Item 7.01. Regulation FD Disclosure.
As a result of the Mergers, EQRx has ceased to exist as a separate legal entity and therefore no longer fulfills the listing requirements of the Nasdaq Global Market (“Nasdaq”). On November 9, 2023, Nasdaq was notified that the Mergers had closed and it has been requested that Nasdaq (1) suspend trading of EQRx Common Stock and the publicly traded EQRx Warrants, (2) withdraw EQRx Common Stock and the publicly traded EQRx Warrants from listing on Nasdaq prior to the open of trading on November 9, 2023 and (3) file with the SEC a notification of delisting of EQRx Common Stock and the publicly traded EQRx Warrants under Section 12(b) of the Securities Exchange Act of 1934, as amended (the “Exchange Act”). As a result, neither EQRx Common Stock nor EQRx Warrants will continue to be listed on Nasdaq.
EQRx, LLC, as successor to EQRx, intends to file with the SEC certifications on Form 15 under the Exchange Act requesting the deregistration of EQRx Common Stock and the publicly traded EQRx Warrants under Section 12(g) of the Exchange Act and the corresponding immediate suspension of EQRx reporting obligations under Sections 13 and 15(d) of the Exchange Act as promptly as practicable, and to cease filing any further periodic reports with respect to EQRx since it no longer exists as a public company.
Item 9.01. Financial Statements and Exhibits.

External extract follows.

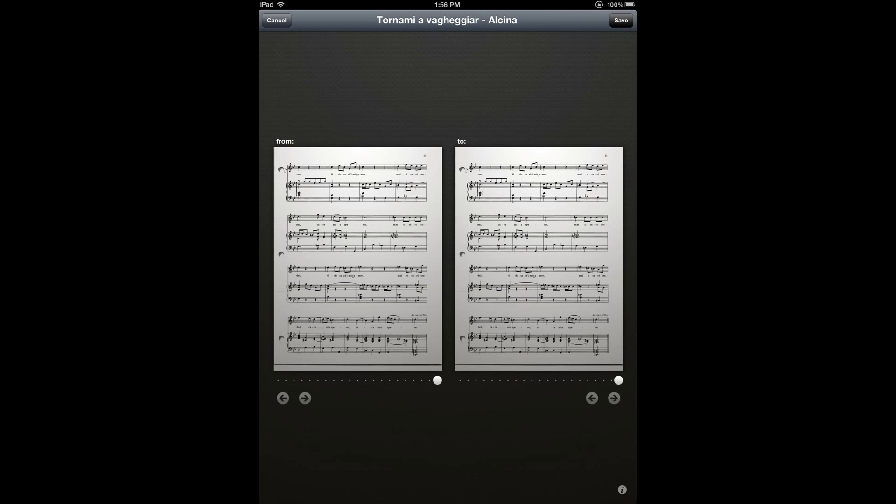This gives me a page where I can choose where I'd like the link to start, and then where I'd like it to jump to, the destination point of the link.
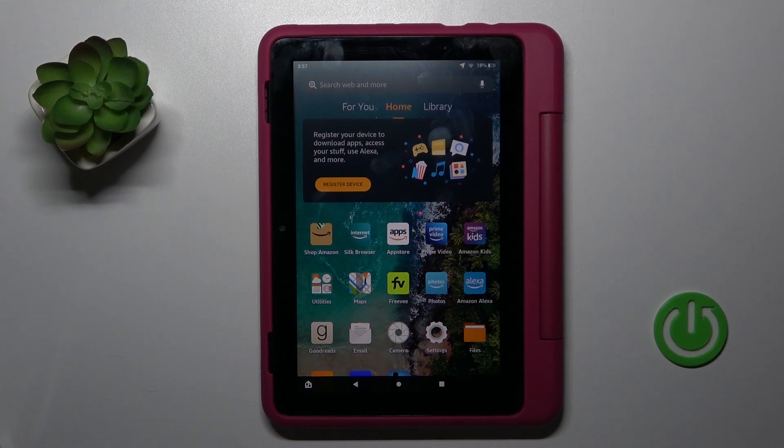Hi, today I'm working with my Amazon Fire HD Kids Pro and I'll show you how to find and manage sound settings on this device.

(a) Financial Statements of Business Acquired.
The audited consolidated financial statements of EQRx as of and for the years ended December 31, 2022 and 2021 are incorporated by reference to Exhibit 99.1 of this Current Report on Form 8-K. The unaudited condensed consolidated financial statements of EQRx as of and for the nine months ended September 30, 2023 are incorporated by reference to Exhibit 99.2 of this Current Report on Form 8-K.